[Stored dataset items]
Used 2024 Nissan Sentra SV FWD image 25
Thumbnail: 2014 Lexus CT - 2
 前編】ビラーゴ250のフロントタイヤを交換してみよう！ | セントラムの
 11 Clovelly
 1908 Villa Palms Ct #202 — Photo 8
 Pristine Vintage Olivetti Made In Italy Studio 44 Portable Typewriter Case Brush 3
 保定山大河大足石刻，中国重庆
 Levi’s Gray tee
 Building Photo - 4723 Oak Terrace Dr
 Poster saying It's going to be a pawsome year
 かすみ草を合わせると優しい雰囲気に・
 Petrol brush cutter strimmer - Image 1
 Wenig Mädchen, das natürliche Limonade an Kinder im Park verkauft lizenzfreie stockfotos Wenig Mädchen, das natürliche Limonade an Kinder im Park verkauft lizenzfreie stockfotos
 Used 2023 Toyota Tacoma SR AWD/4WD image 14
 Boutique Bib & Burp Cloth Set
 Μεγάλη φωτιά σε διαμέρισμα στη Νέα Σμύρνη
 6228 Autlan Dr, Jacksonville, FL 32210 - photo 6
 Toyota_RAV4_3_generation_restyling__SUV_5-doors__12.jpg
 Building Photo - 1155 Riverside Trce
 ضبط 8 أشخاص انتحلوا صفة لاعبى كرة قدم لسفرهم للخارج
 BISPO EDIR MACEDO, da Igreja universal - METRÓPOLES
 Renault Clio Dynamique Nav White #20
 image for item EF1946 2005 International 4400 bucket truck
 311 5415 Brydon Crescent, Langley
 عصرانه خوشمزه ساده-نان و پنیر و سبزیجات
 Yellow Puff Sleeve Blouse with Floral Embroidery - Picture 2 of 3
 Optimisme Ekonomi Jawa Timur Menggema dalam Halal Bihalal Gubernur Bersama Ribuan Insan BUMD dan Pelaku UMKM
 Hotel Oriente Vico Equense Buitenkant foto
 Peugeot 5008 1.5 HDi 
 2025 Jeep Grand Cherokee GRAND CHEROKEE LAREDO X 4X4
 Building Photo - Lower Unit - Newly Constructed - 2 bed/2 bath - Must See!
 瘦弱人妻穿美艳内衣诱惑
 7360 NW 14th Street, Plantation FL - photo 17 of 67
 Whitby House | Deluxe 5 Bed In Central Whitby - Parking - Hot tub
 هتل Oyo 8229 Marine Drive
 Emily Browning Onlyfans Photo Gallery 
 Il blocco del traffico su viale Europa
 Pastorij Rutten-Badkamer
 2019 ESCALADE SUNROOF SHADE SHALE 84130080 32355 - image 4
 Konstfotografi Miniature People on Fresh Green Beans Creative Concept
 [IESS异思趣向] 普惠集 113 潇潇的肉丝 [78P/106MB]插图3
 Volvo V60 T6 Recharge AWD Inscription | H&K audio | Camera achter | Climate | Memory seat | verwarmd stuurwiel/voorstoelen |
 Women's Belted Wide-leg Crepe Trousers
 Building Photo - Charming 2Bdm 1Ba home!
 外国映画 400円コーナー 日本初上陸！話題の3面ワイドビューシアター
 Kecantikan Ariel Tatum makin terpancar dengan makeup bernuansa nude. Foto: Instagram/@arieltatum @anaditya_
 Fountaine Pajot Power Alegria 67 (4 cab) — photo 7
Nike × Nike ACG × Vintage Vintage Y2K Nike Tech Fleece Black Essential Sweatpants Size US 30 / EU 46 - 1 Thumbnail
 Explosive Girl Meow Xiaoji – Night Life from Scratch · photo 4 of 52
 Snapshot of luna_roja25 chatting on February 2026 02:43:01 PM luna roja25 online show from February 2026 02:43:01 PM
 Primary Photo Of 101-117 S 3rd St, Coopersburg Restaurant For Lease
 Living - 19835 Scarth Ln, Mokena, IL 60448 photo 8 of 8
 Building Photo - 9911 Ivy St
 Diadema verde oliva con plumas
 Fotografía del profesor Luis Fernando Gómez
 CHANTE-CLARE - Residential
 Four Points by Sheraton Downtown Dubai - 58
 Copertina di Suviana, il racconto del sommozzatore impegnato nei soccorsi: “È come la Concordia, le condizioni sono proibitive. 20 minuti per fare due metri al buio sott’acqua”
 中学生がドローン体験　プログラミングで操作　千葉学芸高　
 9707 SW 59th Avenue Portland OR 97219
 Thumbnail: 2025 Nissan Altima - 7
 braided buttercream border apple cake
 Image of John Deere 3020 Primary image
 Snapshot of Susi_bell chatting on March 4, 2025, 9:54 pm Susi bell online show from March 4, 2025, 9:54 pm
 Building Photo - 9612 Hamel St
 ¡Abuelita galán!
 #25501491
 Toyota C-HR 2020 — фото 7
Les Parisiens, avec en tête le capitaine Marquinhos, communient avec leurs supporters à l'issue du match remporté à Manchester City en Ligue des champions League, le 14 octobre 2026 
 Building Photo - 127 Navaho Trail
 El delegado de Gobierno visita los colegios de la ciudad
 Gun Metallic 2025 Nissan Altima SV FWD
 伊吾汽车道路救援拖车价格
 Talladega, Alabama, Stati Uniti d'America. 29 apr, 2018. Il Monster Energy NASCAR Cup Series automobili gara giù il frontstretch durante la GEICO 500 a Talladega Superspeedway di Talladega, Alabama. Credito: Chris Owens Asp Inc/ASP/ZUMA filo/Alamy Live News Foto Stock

**Task goal:** Return every record exactly as it was given.

**Result of the task:**
Used 2024 Nissan Sentra SV FWD image 25
Thumbnail: 2014 Lexus CT - 2
 前編】ビラーゴ250のフロントタイヤを交換してみよう！ | セントラムの
 11 Clovelly
 1908 Villa Palms Ct #202 — Photo 8
 Pristine Vintage Olivetti Made In Italy Studio 44 Portable Typewriter Case Brush 3
 保定山大河大足石刻，中国重庆
 Levi’s Gray tee
 Building Photo - 4723 Oak Terrace Dr
 Poster saying It's going to be a pawsome year
 かすみ草を合わせると優しい雰囲気に・
 Petrol brush cutter strimmer - Image 1
 Wenig Mädchen, das natürliche Limonade an Kinder im Park verkauft lizenzfreie stockfotos Wenig Mädchen, das natürliche Limonade an Kinder im Park verkauft lizenzfreie stockfotos
 Used 2023 Toyota Tacoma SR AWD/4WD image 14
 Boutique Bib & Burp Cloth Set
 Μεγάλη φωτιά σε διαμέρισμα στη Νέα Σμύρνη
 6228 Autlan Dr, Jacksonville, FL 32210 - photo 6
 Toyota_RAV4_3_generation_restyling__SUV_5-doors__12.jpg
 Building Photo - 1155 Riverside Trce
 ضبط 8 أشخاص انتحلوا صفة لاعبى كرة قدم لسفرهم للخارج
 BISPO EDIR MACEDO, da Igreja universal - METRÓPOLES
 Renault Clio Dynamique Nav White #20
 image for item EF1946 2005 International 4400 bucket truck
 311 5415 Brydon Crescent, Langley
 عصرانه خوشمزه ساده-نان و پنیر و سبزیجات
 Yellow Puff Sleeve Blouse with Floral Embroidery - Picture 2 of 3
 Optimisme Ekonomi Jawa Timur Menggema dalam Halal Bihalal Gubernur Bersama Ribuan Insan BUMD dan Pelaku UMKM
 Hotel Oriente Vico Equense Buitenkant foto
 Peugeot 5008 1.5 HDi 
 2025 Jeep Grand Cherokee GRAND CHEROKEE LAREDO X 4X4
 Building Photo - Lower Unit - Newly Constructed - 2 bed/2 bath - Must See!
 瘦弱人妻穿美艳内衣诱惑
 7360 NW 14th Street, Plantation FL - photo 17 of 67
 Whitby House | Deluxe 5 Bed In Central Whitby - Parking - Hot tub
 هتل Oyo 8229 Marine Drive
 Emily Browning Onlyfans Photo Gallery 
 Il blocco del traffico su viale Europa
 Pastorij Rutten-Badkamer
 2019 ESCALADE SUNROOF SHADE SHALE 84130080 32355 - image 4
 Konstfotografi Miniature People on Fresh Green Beans Creative Concept
 [IESS异思趣向] 普惠集 113 潇潇的肉丝 [78P/106MB]插图3
 Volvo V60 T6 Recharge AWD Inscription | H&K audio | Camera achter | Climate | Memory seat | verwarmd stuurwiel/voorstoelen |
 Women's Belted Wide-leg Crepe Trousers
 Building Photo - Charming 2Bdm 1Ba home!
 外国映画 400円コーナー 日本初上陸！話題の3面ワイドビューシアター
 Kecantikan Ariel Tatum makin terpancar dengan makeup bernuansa nude. Foto: Instagram/@arieltatum @anaditya_
 Fountaine Pajot Power Alegria 67 (4 cab) — photo 7
Nike × Nike ACG × Vintage Vintage Y2K Nike Tech Fleece Black Essential Sweatpants Size US 30 / EU 46 - 1 Thumbnail
 Explosive Girl Meow Xiaoji – Night Life from Scratch · photo 4 of 52
 Snapshot of luna_roja25 chatting on February 2026 02:43:01 PM luna roja25 online show from February 2026 02:43:01 PM
 Primary Photo Of 101-117 S 3rd St, Coopersburg Restaurant For Lease
 Living - 19835 Scarth Ln, Mokena, IL 60448 photo 8 of 8
 Building Photo - 9911 Ivy St
 Diadema verde oliva con plumas
 Fotografía del profesor Luis Fernando Gómez
 CHANTE-CLARE - Residential
 Four Points by Sheraton Downtown Dubai - 58
 Copertina di Suviana, il racconto del sommozzatore impegnato nei soccorsi: “È come la Concordia, le condizioni sono proibitive. 20 minuti per fare due metri al buio sott’acqua”
 中学生がドローン体験　プログラミングで操作　千葉学芸高　
 9707 SW 59th Avenue Portland OR 97219
 Thumbnail: 2025 Nissan Altima - 7
 braided buttercream border apple cake
 Image of John Deere 3020 Primary image
 Snapshot of Susi_bell chatting on March 4, 2025, 9:54 pm Susi bell online show from March 4, 2025, 9:54 pm
 Building Photo - 9612 Hamel St
 ¡Abuelita galán!
 #25501491
 Toyota C-HR 2020 — фото 7
Les Parisiens, avec en tête le capitaine Marquinhos, communient avec leurs supporters à l'issue du match remporté à Manchester City en Ligue des champions League, le 14 octobre 2026 
 Building Photo - 127 Navaho Trail
 El delegado de Gobierno visita los colegios de la ciudad
 Gun Metallic 2025 Nissan Altima SV FWD
 伊吾汽车道路救援拖车价格
 Talladega, Alabama, Stati Uniti d'America. 29 apr, 2018. Il Monster Energy NASCAR Cup Series automobili gara giù il frontstretch durante la GEICO 500 a Talladega Superspeedway di Talladega, Alabama. Credito: Chris Owens Asp Inc/ASP/ZUMA filo/Alamy Live News Foto Stock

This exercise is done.